Member of the Georgia House of Representatives from the 2nd district
- In office January 10, 2005 – January 2013
- Preceded by: Brian Davis Joyce
- Succeeded by: John Defenbaugh

Personal details
- Born: Chattanooga, Tennessee
- Party: Republican
- Spouse: Jane Scott
- Children: 4
- Alma mater: Shorter College, Chattanooga State, Kennesaw State University
- Occupation: Businessman, teacher, realtor, politician, pastor

= Martin Scott (politician) =

American politician and pastor from Georgia

Martin Scott is an American businessman, educator, politician, and pastor from Georgia. Scott is a former Republican member of the Georgia House of Representatives from District 2.

== Early life ==
Scott was born in Chattanooga, Tennessee.

== Education ==
Scott earned a degree from Shorter College and Chattanooga State. Scott earned an MBA from Kennesaw State University.

== Career ==
Scott is a businessman, former teacher and realtor.

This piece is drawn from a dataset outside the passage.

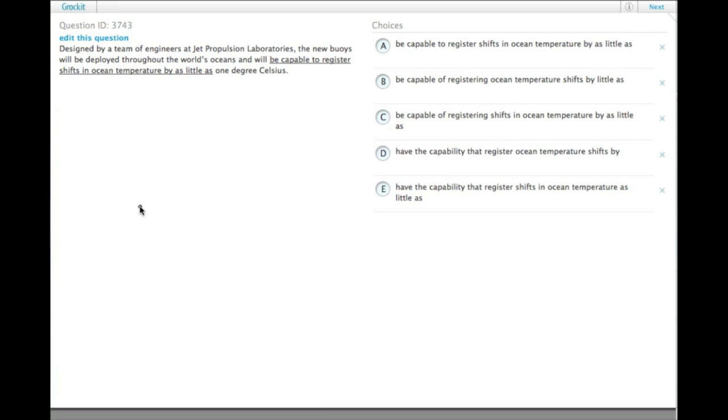Designed by a team of engineers at Jet Propulsion Laboratories, the new buoys will be deployed throughout the world's oceans and will be capable to register shifts in ocean temperature by as little as 1 degree Celsius.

On November 2, 2004, Scott won the election and became a Republican member of Georgia House of Representatives for District 2. Scott defeated Sadie Morgan with 69.16% of the votes. On November 7, 2006, as an incumbent, Scott won the election and continued serving District 2. Scott defeated Sadie Morgan with 67.10% of the votes. On November 4, 2008, as an incumbent, Scott won the election and continued serving District 2. Scott defeated Sadie Morgan with 70.94% of the votes. On November 2, 2010, as an incumbent, Scott won the election unopposed and continued serving District 2.

In 2012, Scott founded River City Church in Rossville, Georgia. Scott is the lead pastor.

== Personal life ==
Scott's wife is Jane Scott. They have four children. Scott and his family live in Rossville, Georgia.